RECORD EXTRACTS:
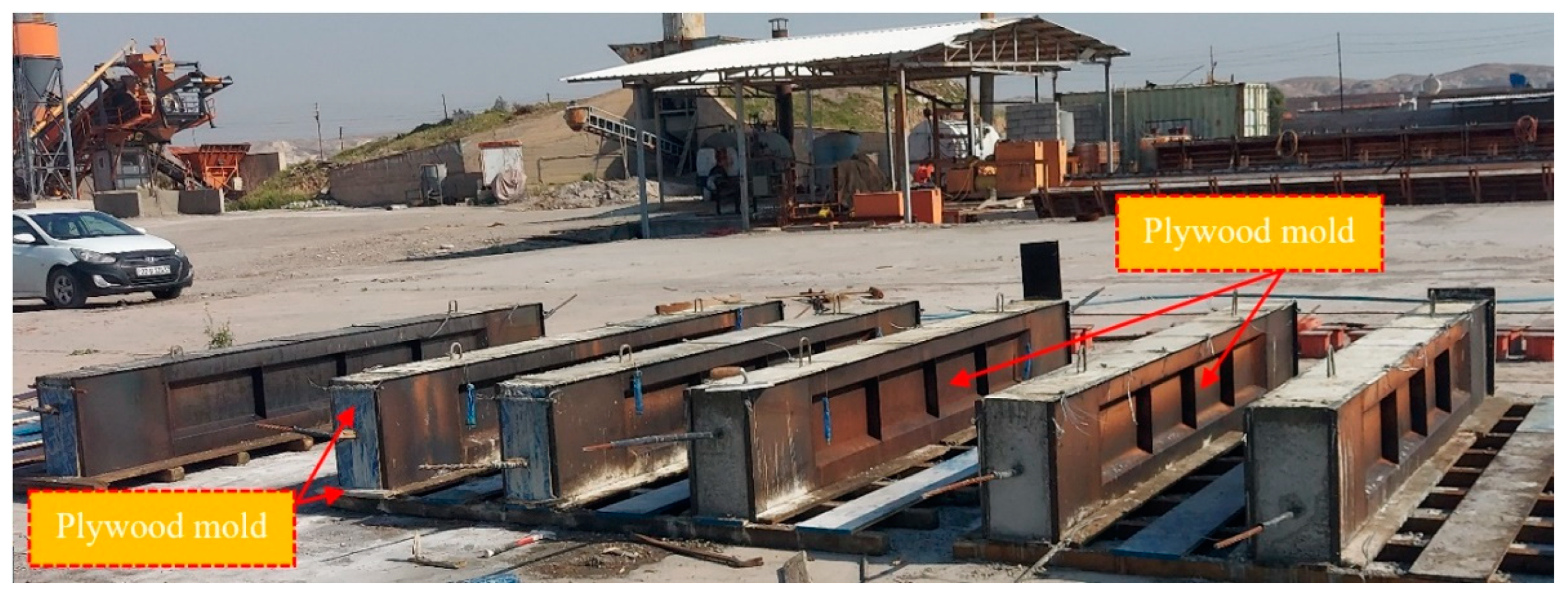 Preprints 150297 g006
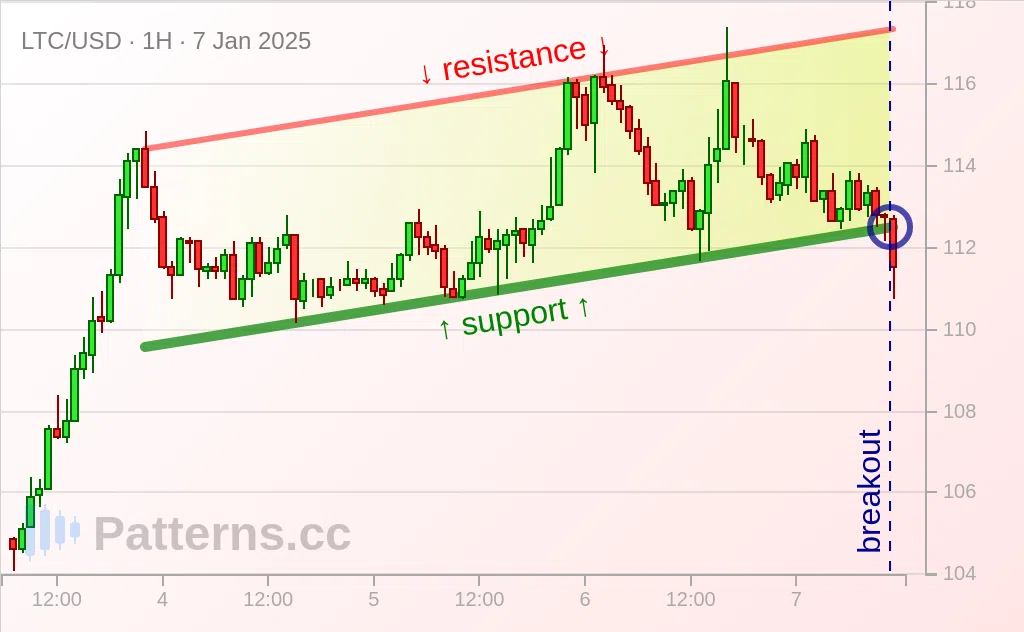 Đồng Litecoin: Kênh đi lên 07\u002D01\u002D2025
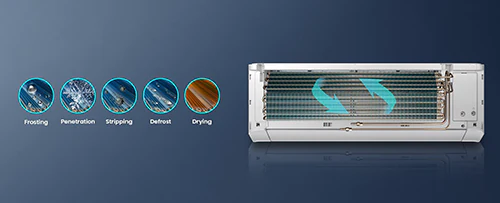 Hisense Uni HB klíma Self cleaning - HBcool klímaszerelés Hajdúnánás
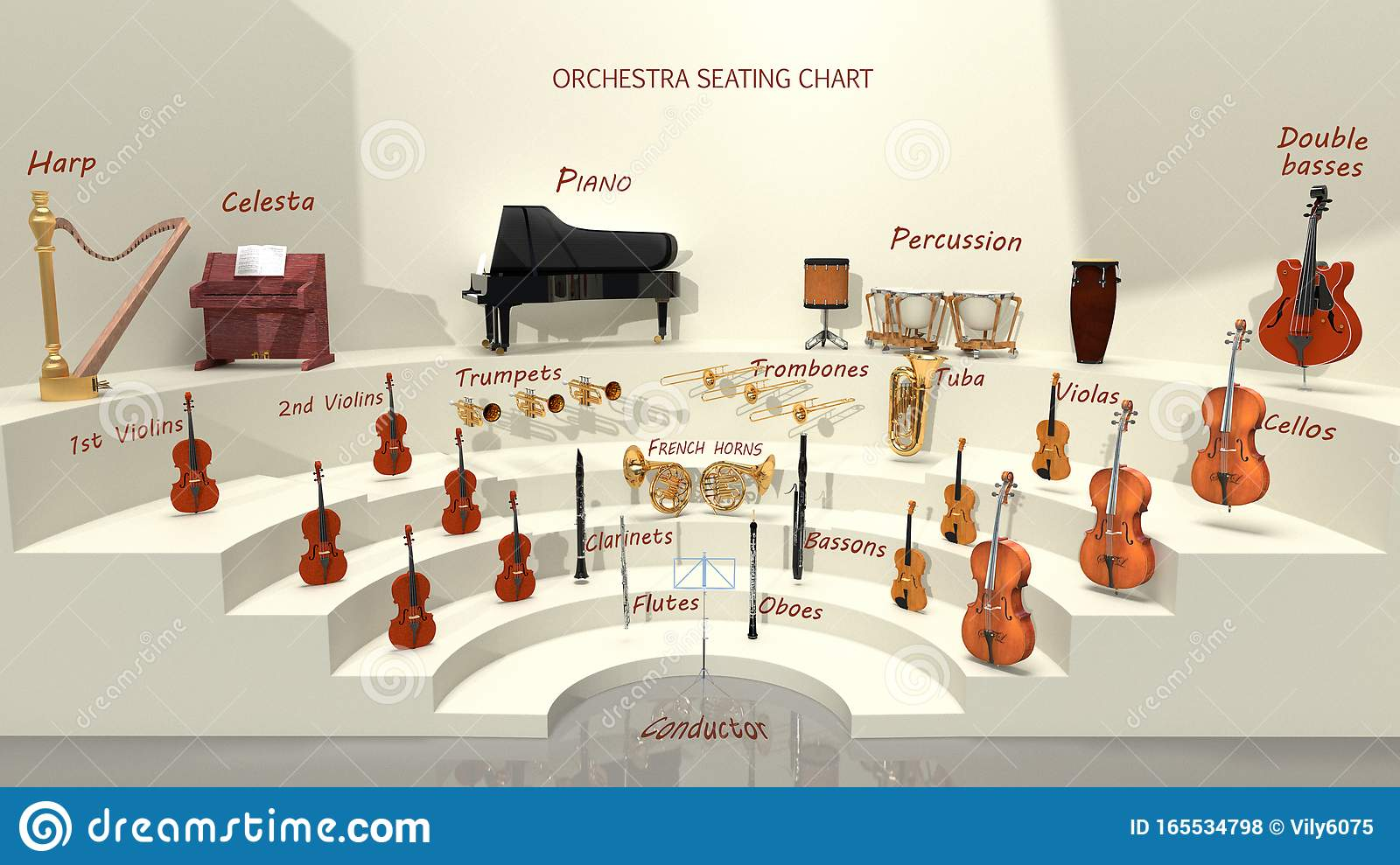 西洋乐队的乐器分布图图片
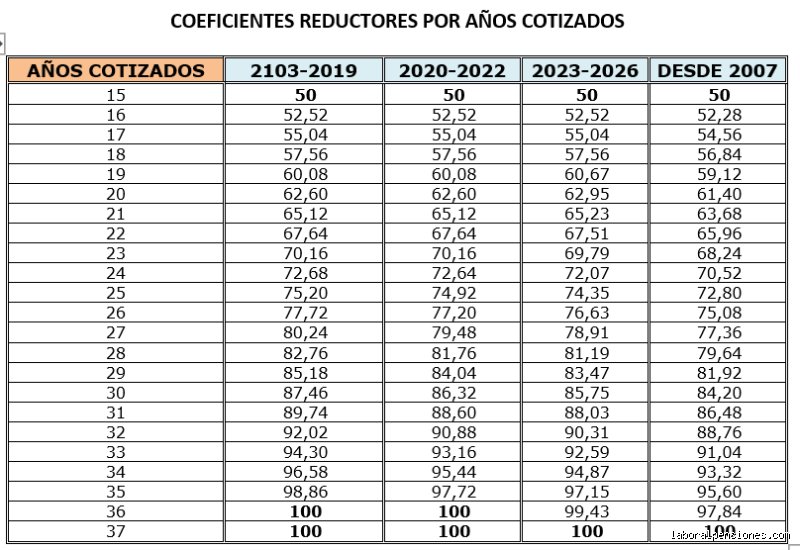 ¿Cuántos años hay que cotizar en Francia para cobrar la pensión?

ACTIVITY: Give the data back exactly, omitting all pictures.

EXERCISE ANSWER:
 Preprints 150297 g006
 Đồng Litecoin: Kênh đi lên 07\u002D01\u002D2025
 Hisense Uni HB klíma Self cleaning - HBcool klímaszerelés Hajdúnánás
 西洋乐队的乐器分布图图片
 ¿Cuántos años hay que cotizar en Francia para cobrar la pensión?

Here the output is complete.